Caught in the Crossfire: Taiwan's Role in the U.S.-China Trade and Tech War
- Roxbury Hill Consulting
- Apr 8
- 3 min read
Updated: May 8
As tensions rise between the United States and China over trade, technology, and influence in the Indo-Pacific, Taiwan is caught in a confrontation it didn't choose. But also can't avoid.

From Tariffs to Tech: The Escalation of U.S.-China Trade Tensions
President Trump initiated the U.S.-China trade war during his first presidential term in 2018 by imposing tariffs on Chinese goods under Section 301 of the Trade Act, citing unfair trade practices, including intellectual property theft and forced technology transfers. What began as a 25% tariff on $34 billion worth of Chinese imports quickly escalated, with multiple rounds of retaliatory tariffs from both sides.

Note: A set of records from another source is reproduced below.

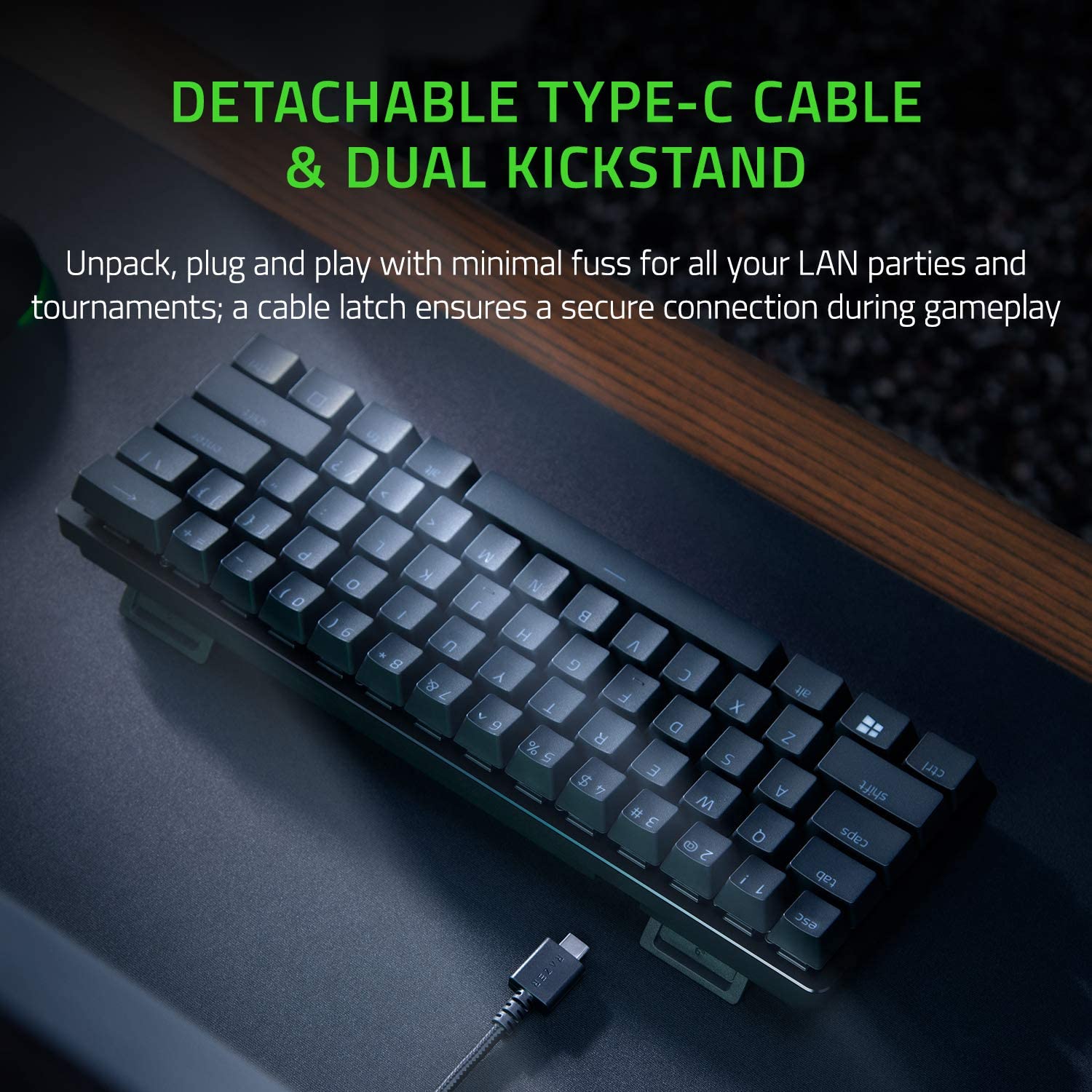 Razer Huntsman Mini Gaming Keyboard - Purple Switch (Clicky Optical Switches), Chroma RGB - Level UpRazerPC Gaming Accessories8886419345732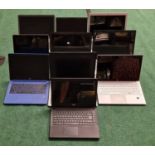 Collection of laptops to include Apple, Acer and Samsung. Units only, no chargers. Lot is sold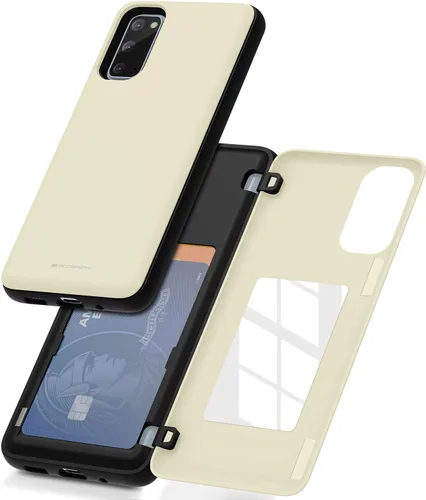 Miniatura 13 de GOOSPERY Funda tipo cartera para Samsung Galaxy S22 Ultra, [tarjetero] parachoques magnético de puerta con cierre automático, cubierta protectora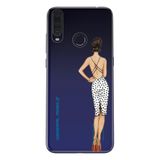 Senada General Mobile Gm 20 Pro İle Uyumlu Kılıf 0.4Mm Lazer Kesim Silikon Kapak Moda Ikonu Kız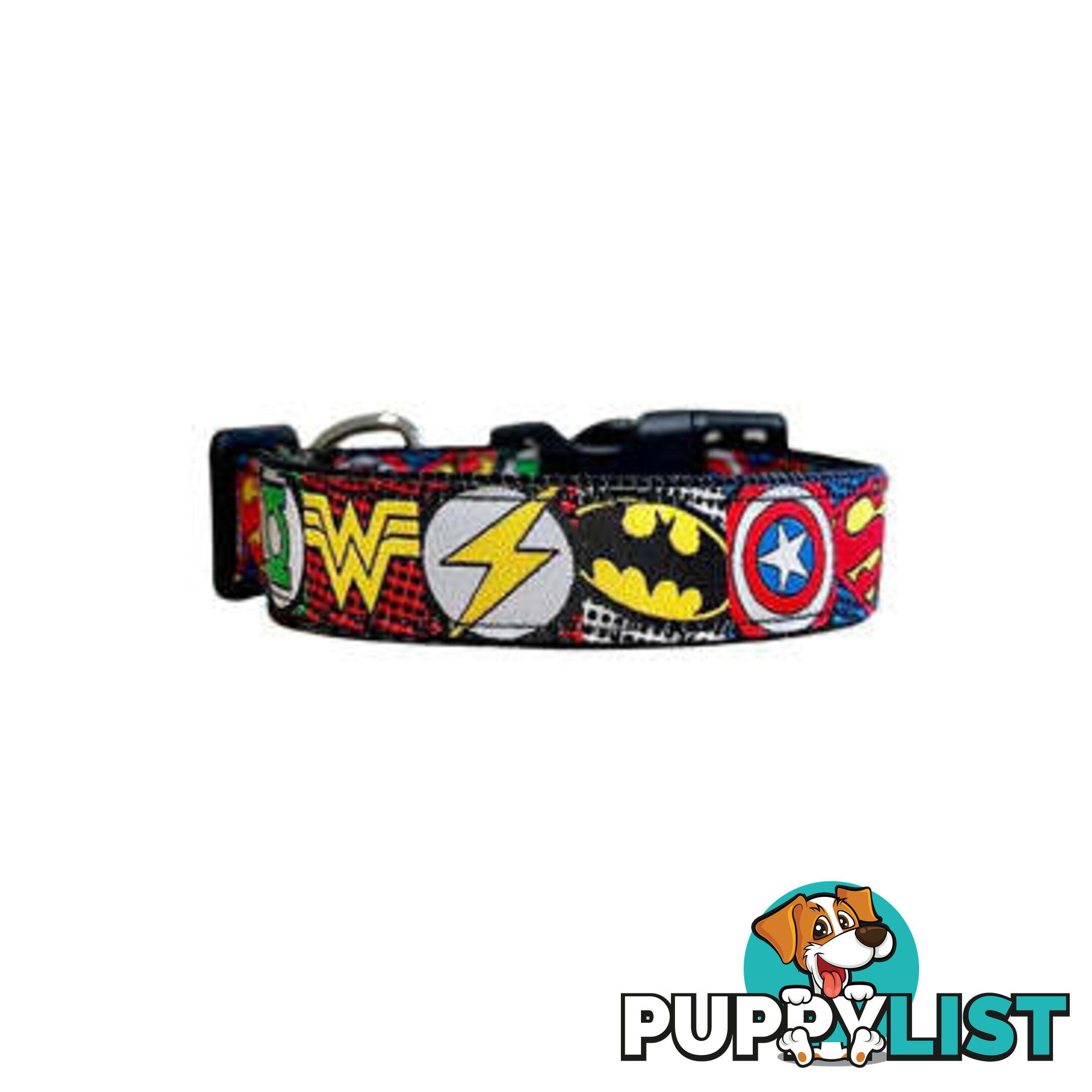 Superhero Dog Collar - Hand Made by The Bark Side - TBSHEROMEDRED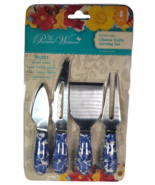 NEW!! The Pioneer Woman Heritage Floral 4 Piece Cheese Knives Set - $13.82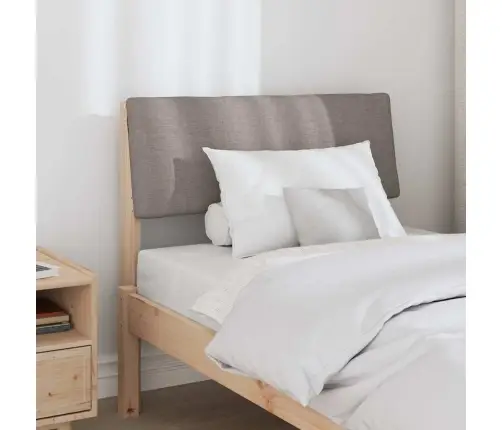 Polsterdatud Voodiots Pruunikashall 75 Cm Tahke Mänd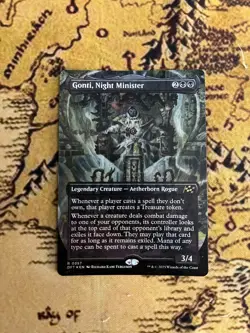 Gonti, Night Minister Foil Borderless Rare Aetherdrift (DFT) MTG - Image 1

China initially reacted by targeting American exports like soybeans, coal, and liquefied natural gas. As tensions grew, the dispute evolved beyond trade imbalances into a broader strategic rivalry, including critical industries like semiconductors and technology supply chains.
Pressure Increases on Taiwan
Both the U.S. and China view access to semiconductors as a top national security priority, and it's no surprise that Taiwan, which is home to the world's leading chipmaker, Taiwan Semiconductor Manufacturing Company (TSMC), has been drawn into their rivalry. While semiconductors were largely exempt from the Trump administration's tariffs, Taiwan still felt the U.S. pressure to localize chip production, as the Trump administration sought to coax companies like TSMC into building fabrication plants in the U.S., a strategy rooted in reshoring critical supply chains.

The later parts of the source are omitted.